My Life to Live

Thursday, December 22, 2005

Attack of the Baby Pixars

Fast Company: They want to make computer-animated feature films for family audiences, too, but they're looking to do it on an entirely different scale: smaller, cheaper, faster... As Kasanoff puts it, "Animation is the only part of film production where quality is going up while costs are going down." What's more, kiddie cartoons are the sweet spot of the industry. While the average feature film produces $33 million in U.S. box-office receipts, the average for family films is $90 million. The figure is an astonishing $225 million for digitally animated films.

Astonishingly, the low-risk, high-reward potential of digital animation has generated tremendous interest in investors far from Hollywood. Phil Knight, cofounder of Nike, recently bought Will Vinton Studios, the animation house in Portland, Oregon, where his son worked. Knight renamed it Laika (after the 1950s Soviet cosmo-dog) and bankrolled it to make animated feature films. And "there's an enormous amount of money in Asia to produce animated motion pictures in the $25 million to $50 million range," says Ellen Goldsmith-Vein, who runs the Gotham Group, a management company for many of the top writers, directors, and producers of digital animation. Taiwan's Digimax, for example, has committed financing for her low-budget animation flicks.

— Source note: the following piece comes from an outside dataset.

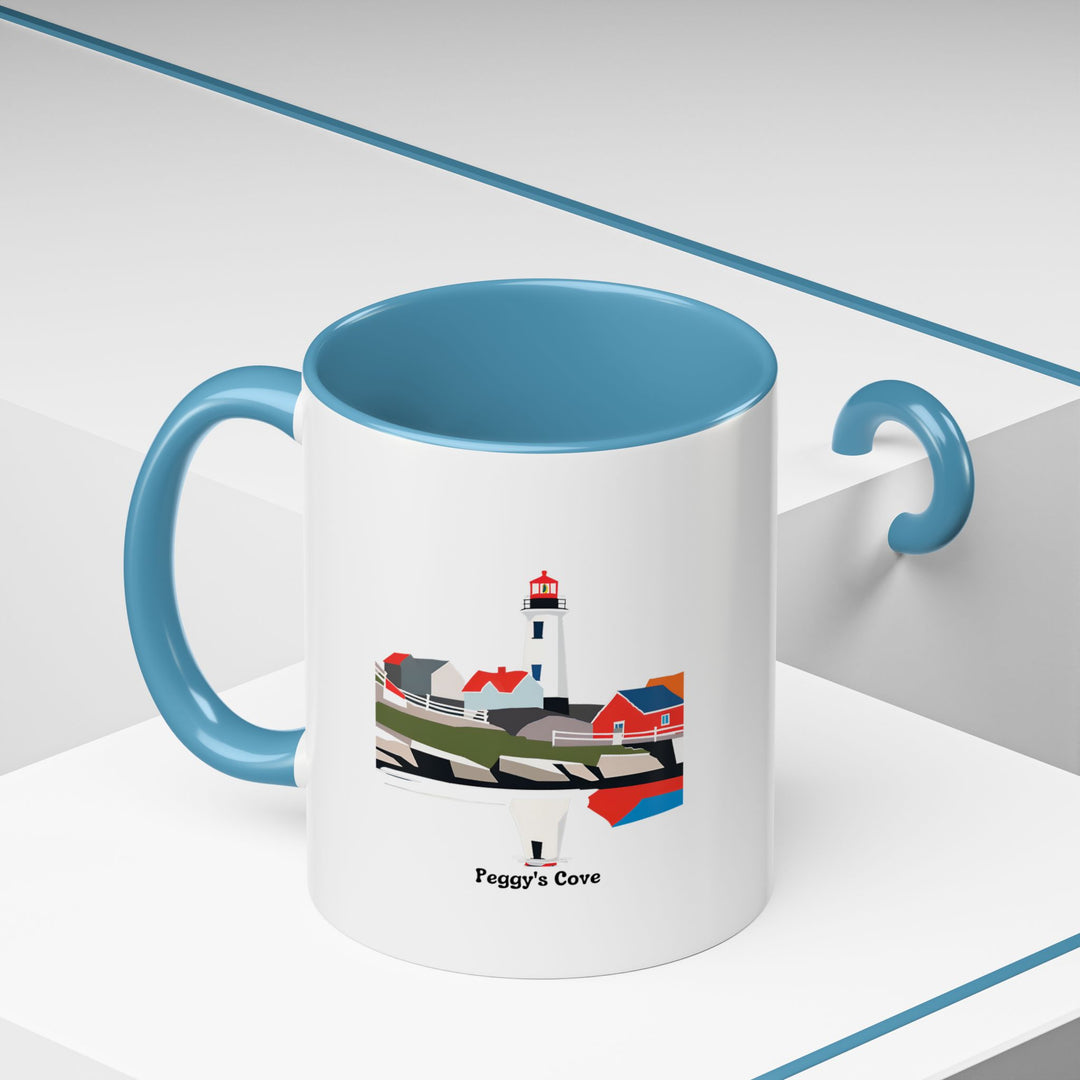 The Peggy's Cove Mug brings Nova Scotia’s coastline to life with its stunning design of the lighthouse. Ideal for enjoying coffee or tea, this ceramic mug is both microwave-safe and dishwasher-safe for your convenience.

"Intellectual property rights--that, frankly, is the essence," says Vanguard's founder John Williams, who produced Shrek and Shrek 2, both owned by DreamWorks. For an upcoming animated film that Vanguard is producing, with Fox distributing, Williams says, "We've held back all the merchandising, licensing, and video-game rights. If and when we get a significant franchise"--a film with lucrative sequels, such as Shrek or Toy Story--"we'll own those rights. The intellectual-property rights are the treasure trove."